Je connais l'Afghanistan depuis 1994. J'ai vécu, en particulier, quinze jours chez le commandant Massoud durant l'été 2001. J'y suis retourné à plusieurs reprises après la chute des talibans. En 2002, on circulait à pied sans protection à Kaboul.

Mme Michèle Alliot-Marie, ministre d'État. Non !

M. Aymeri de Montesquiou. Si, madame le ministre d'État ! En 2002, on circulait à pied sans protection à Kaboul.

Mme Michèle Alliot-Marie, ministre d'État. À pied, oui, mais pas sans protection !

M. Aymeri de Montesquiou. Aujourd'hui - je m'y suis rendu deux fois cette année -, on ne se déplace plus qu'en convoi blindé. N'est-ce pas la démonstration que notre politique n'est pas la bonne ?

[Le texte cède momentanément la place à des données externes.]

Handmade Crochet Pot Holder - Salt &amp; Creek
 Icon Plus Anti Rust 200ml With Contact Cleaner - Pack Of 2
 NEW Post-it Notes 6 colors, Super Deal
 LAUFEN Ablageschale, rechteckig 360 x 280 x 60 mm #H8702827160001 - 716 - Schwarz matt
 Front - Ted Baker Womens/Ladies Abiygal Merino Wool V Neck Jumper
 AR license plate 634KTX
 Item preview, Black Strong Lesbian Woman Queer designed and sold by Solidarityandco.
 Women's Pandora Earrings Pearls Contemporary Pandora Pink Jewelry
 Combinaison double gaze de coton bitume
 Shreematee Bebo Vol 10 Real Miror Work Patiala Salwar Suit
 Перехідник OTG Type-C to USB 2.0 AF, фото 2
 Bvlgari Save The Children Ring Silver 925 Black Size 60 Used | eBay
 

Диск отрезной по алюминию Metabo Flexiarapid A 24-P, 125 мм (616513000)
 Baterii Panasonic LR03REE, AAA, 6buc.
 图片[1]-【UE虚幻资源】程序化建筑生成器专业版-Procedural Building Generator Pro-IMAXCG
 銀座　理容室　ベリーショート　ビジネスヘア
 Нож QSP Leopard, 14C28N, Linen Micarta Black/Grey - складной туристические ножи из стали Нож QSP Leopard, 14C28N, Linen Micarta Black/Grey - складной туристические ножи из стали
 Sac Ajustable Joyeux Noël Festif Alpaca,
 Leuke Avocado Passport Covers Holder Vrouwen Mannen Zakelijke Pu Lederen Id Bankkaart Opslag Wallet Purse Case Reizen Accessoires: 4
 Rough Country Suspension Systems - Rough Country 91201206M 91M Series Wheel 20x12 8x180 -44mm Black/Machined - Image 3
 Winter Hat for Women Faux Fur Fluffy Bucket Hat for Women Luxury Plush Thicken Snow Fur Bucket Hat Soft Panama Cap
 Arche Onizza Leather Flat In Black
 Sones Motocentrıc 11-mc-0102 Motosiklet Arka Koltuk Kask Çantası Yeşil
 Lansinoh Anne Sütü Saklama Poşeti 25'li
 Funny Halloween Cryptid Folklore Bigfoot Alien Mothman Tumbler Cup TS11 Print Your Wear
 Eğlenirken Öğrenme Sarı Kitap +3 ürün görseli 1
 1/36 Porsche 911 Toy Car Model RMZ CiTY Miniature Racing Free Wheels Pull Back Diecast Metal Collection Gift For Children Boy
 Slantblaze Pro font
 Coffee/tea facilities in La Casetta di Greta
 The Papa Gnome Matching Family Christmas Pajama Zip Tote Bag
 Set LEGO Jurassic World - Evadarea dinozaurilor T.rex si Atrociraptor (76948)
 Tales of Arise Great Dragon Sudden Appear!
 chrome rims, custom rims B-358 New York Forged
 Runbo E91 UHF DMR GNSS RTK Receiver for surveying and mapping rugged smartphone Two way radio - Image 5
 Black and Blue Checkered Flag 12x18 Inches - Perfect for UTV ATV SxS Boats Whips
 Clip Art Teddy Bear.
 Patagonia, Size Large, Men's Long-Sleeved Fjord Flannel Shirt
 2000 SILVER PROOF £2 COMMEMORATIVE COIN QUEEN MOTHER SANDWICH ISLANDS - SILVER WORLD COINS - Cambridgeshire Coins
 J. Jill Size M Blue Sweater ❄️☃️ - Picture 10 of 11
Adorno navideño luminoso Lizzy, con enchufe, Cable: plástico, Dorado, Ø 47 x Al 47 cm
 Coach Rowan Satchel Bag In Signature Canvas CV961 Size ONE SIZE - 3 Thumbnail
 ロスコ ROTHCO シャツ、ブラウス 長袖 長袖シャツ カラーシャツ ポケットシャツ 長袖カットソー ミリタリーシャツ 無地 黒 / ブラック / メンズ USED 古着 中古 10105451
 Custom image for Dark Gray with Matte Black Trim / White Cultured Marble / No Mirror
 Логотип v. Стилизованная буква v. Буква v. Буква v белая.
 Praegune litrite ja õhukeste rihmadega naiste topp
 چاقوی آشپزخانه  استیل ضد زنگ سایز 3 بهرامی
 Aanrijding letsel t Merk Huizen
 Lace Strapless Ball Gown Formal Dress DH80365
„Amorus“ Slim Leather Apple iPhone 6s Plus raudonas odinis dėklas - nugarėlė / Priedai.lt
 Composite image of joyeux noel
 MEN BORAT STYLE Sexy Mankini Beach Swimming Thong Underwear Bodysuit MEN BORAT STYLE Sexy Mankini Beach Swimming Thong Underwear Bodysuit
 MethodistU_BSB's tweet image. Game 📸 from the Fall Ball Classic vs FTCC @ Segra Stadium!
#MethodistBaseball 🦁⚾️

M. Jean-Louis Carrère. Si !

M. Aymeri de Montesquiou. Quelle nouvelle orientation comptez-vous lui donner ? Le chef d'Al-Qaïda liant la présence française en Afghanistan à la menace terroriste en France, nous devons expliquer notre action dans ce pays à nos compatriotes, qui, pouvant se sentir menacés, la comprendront et soutiendront nos sacrifices en connaissance de cause : le respect des droits fondamentaux, ainsi que la lutte contre la barbarie et le projet taliban visant à transformer en émirats les pays d'Asie centrale, une zone stratégique.

J'ai été interpelé dan un petit village par un vieil Afghan qui m'a dit en russe - il était donc instruit -, « вы тожэ ухлют », c'est-à-dire : « Vous aussi, vous partirez ».

M. Jean-Louis Carrère. Bien sûr !

M. Aymeri de Montesquiou. Sera-t-il prophète ?

L'importance de nos contributions internationales et notre participation aux opérations de maintien de la paix partout dans le monde prouvent que « rien de ce qui est humain ne nous est étranger ».

C'est la raison pour laquelle notre pays est toujours « une puissance d'influence mondiale ». Il le restera s'il opère des choix justes et visionnaires, s'il demeure vigilant sur l'adaptation et la modernisation de sa diplomatie et attentif aux personnels qui la composent. Dans cet esprit, madame le ministre d'État, je voterai les crédits de cette mission. (Applaudissements sur quelques travées de l'UMP.)